◆ **Records for the exercise**
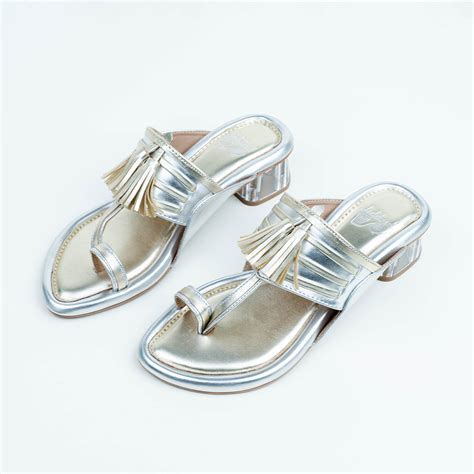 Modern Kolhapuri With Block Heel – Preppy Shoe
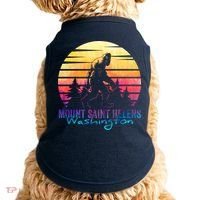 Mount Saint Helens Washington National Park Retro 80's Doggie Tank thumb 0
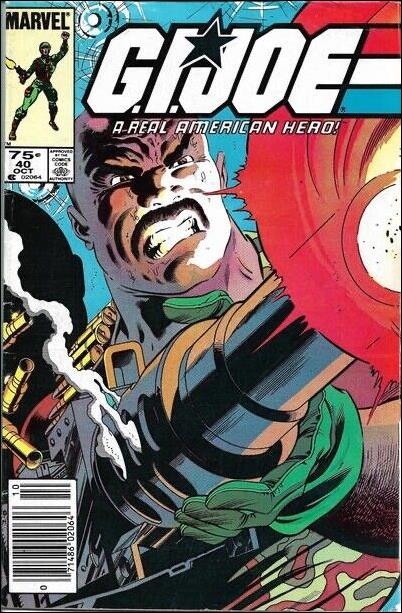 G.I. Joe: A Real American Hero issue 40-B Newsstand Cover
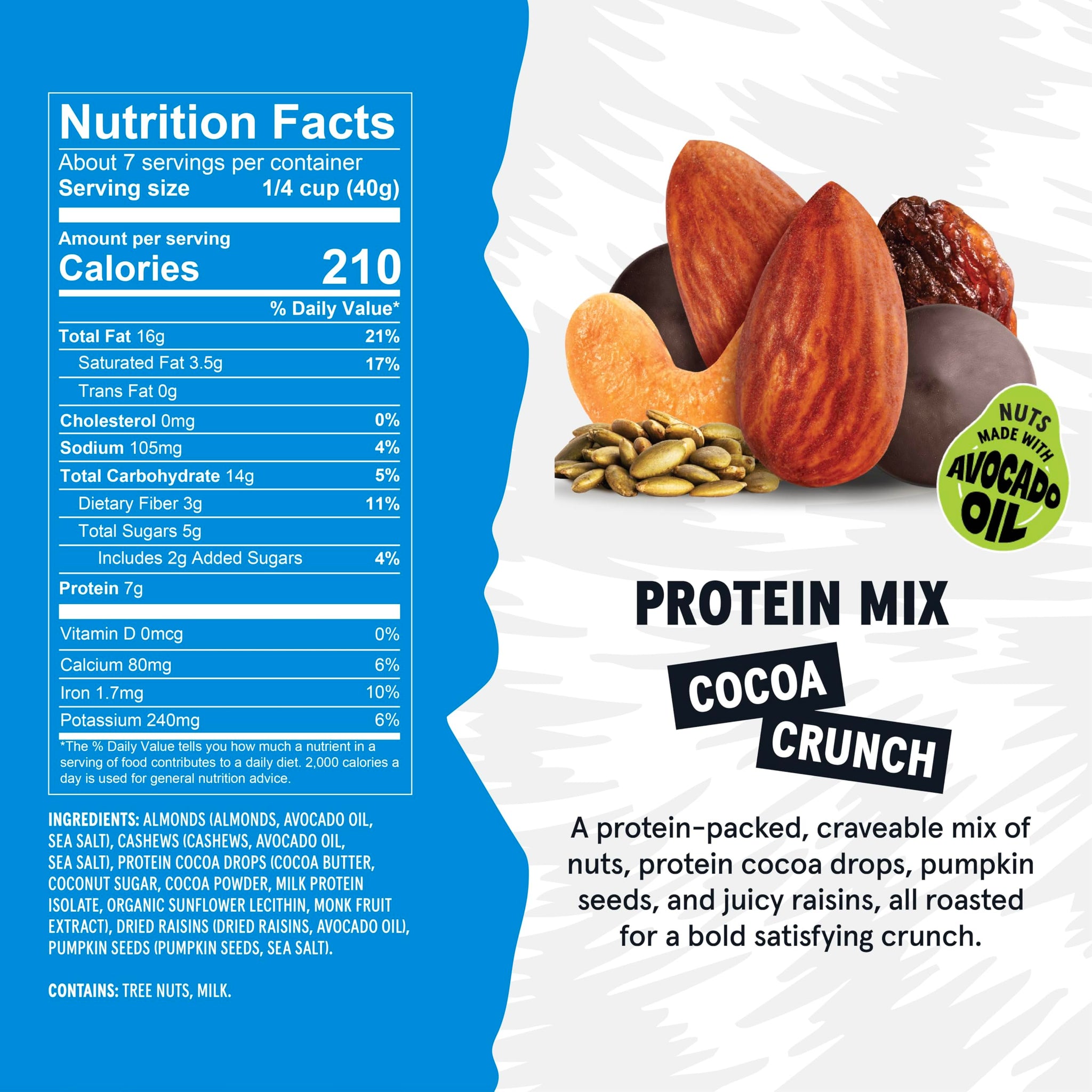 Wild Fox Trail Mix - Healthy Plant-Based Snack Made With Pure Avocado Oil And No Refined Sugar Or Seed Oils Ideal For Vegan Gluten-Free And Paleo
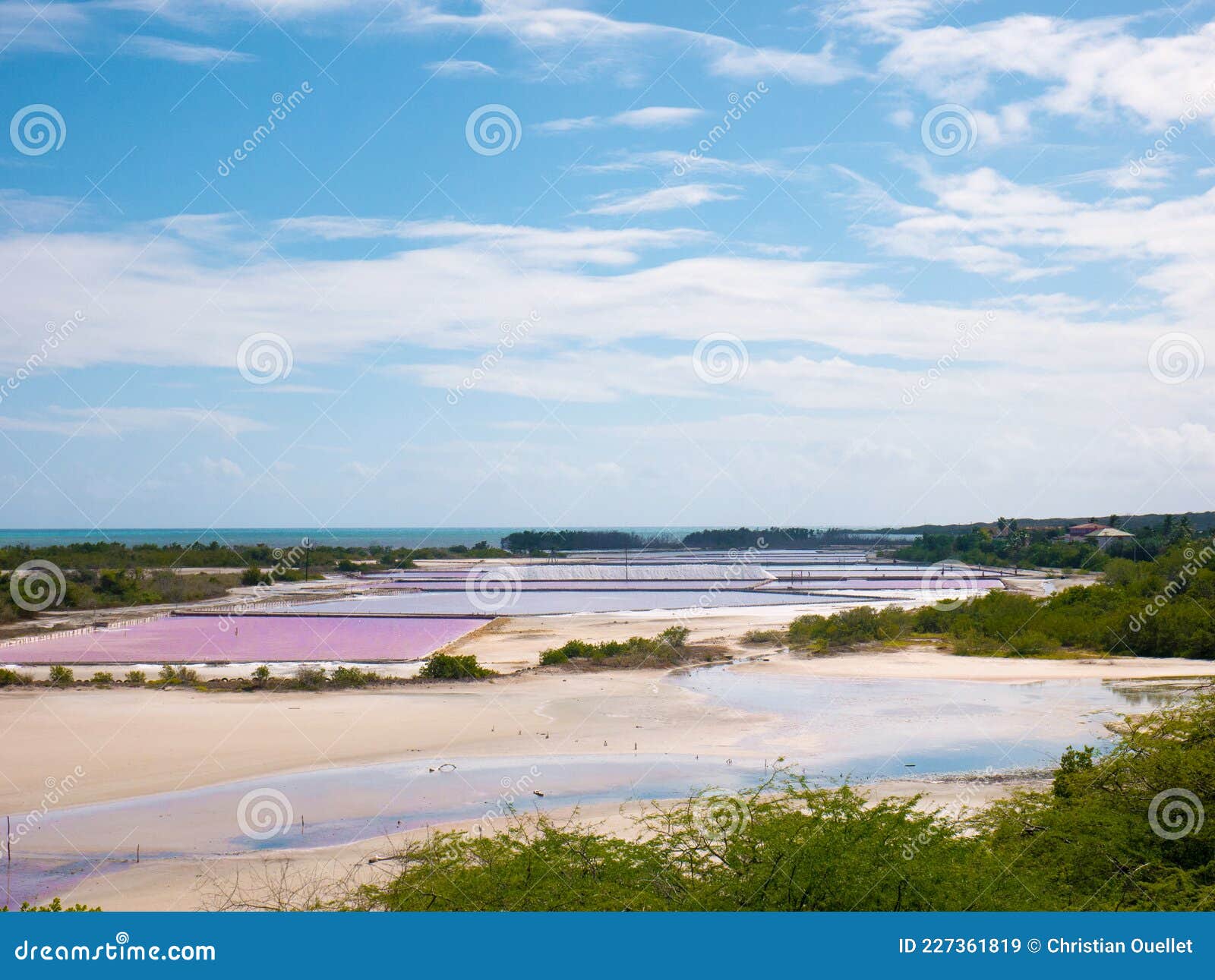 in puerto rico`s southwest corner, cabo rojo, tons of salt are extracted from seawater annually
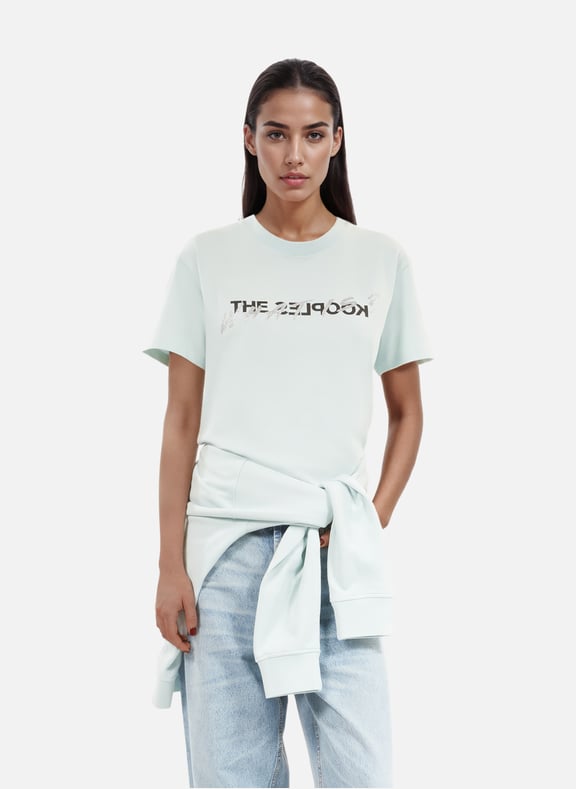 T-shirt manches courtes what is Bleu by THE KOOPLES THE KOOPLES T-shirt manches courtes what is Bleu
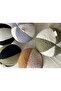 Handmade Double Color Plush Toy Ball - Soft Playmate (19 cm) Green - White - 3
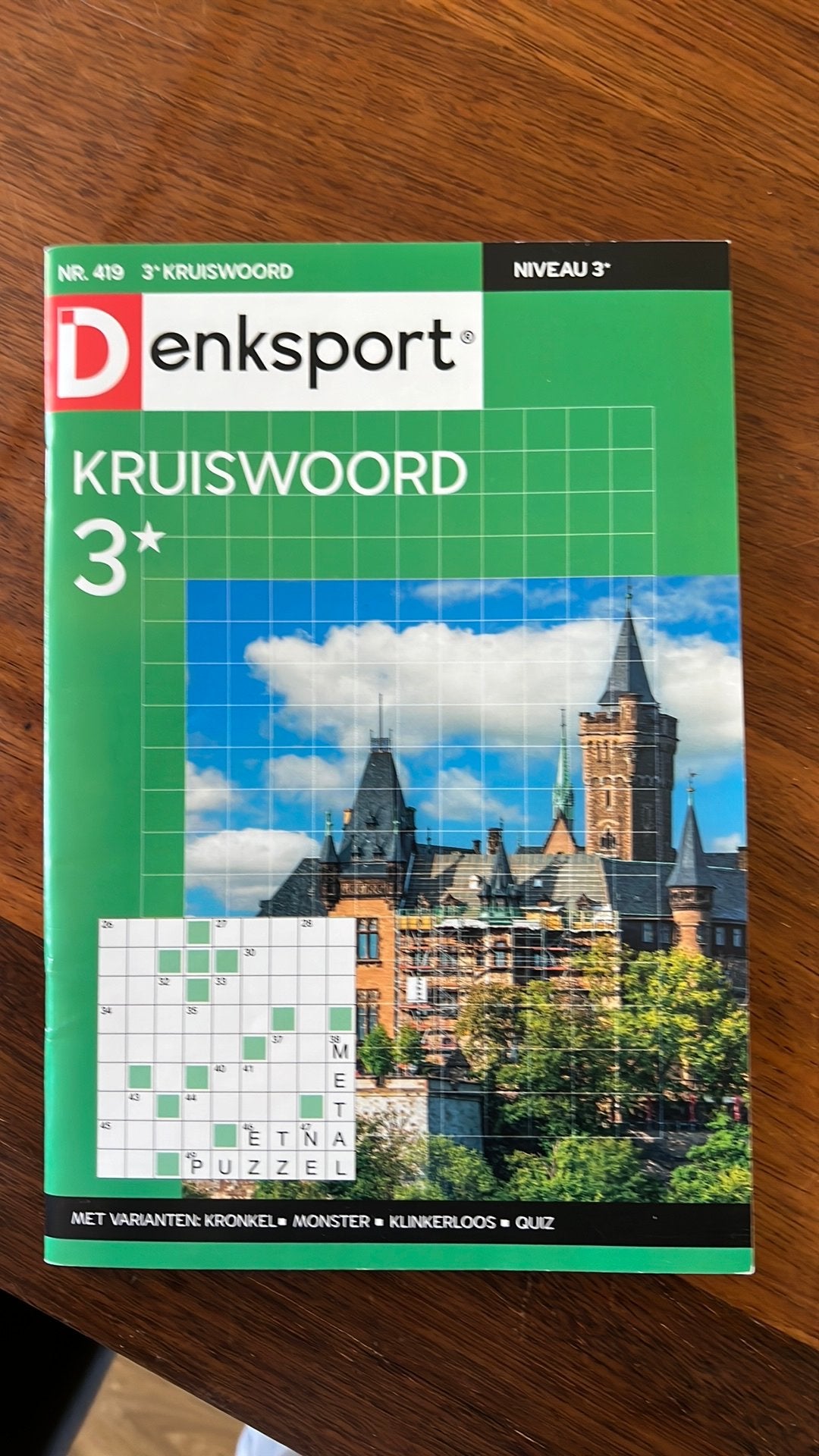Laatste kans! Nieuw puzzelboek kruiswoordpuzzel, Ophalen of Verzenden, Nieuw
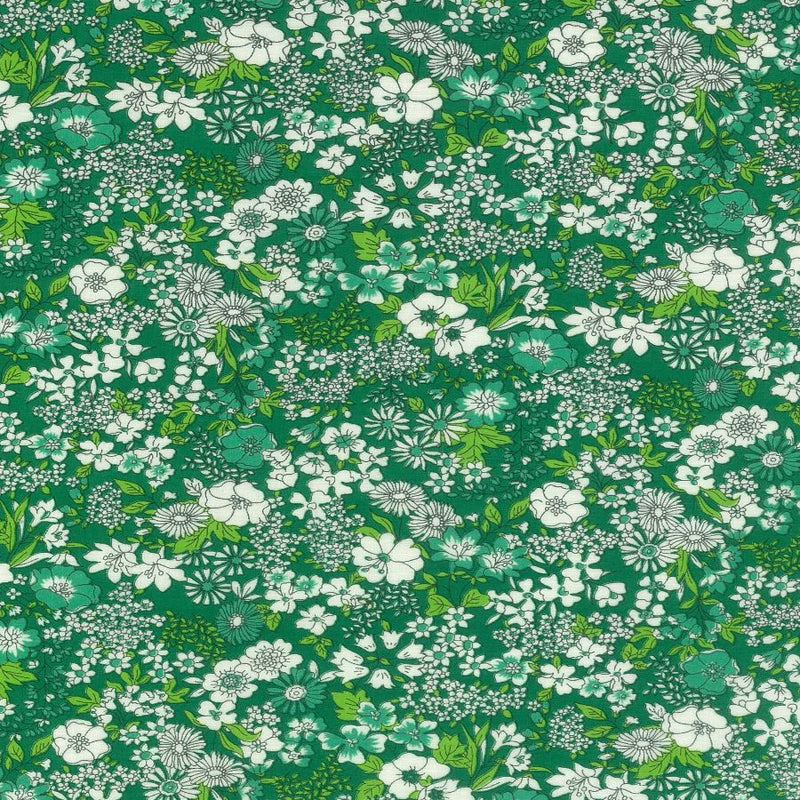 KELLY GREEN Floral 1C, Flownny I Lawn from KOKKA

◆ **About this task**
Print the material in full and exactly, minus the pictures.

◆ **Answer**
 Modern Kolhapuri With Block Heel – Preppy Shoe
 Mount Saint Helens Washington National Park Retro 80's Doggie Tank thumb 0
 G.I. Joe: A Real American Hero issue 40-B Newsstand Cover
 Wild Fox Trail Mix - Healthy Plant-Based Snack Made With Pure Avocado Oil And No Refined Sugar Or Seed Oils Ideal For Vegan Gluten-Free And Paleo
 in puerto rico`s southwest corner, cabo rojo, tons of salt are extracted from seawater annually
 T-shirt manches courtes what is Bleu by THE KOOPLES THE KOOPLES T-shirt manches courtes what is Bleu
 Handmade Double Color Plush Toy Ball - Soft Playmate (19 cm) Green - White - 3
Laatste kans! Nieuw puzzelboek kruiswoordpuzzel, Ophalen of Verzenden, Nieuw
 KELLY GREEN Floral 1C, Flownny I Lawn from KOKKA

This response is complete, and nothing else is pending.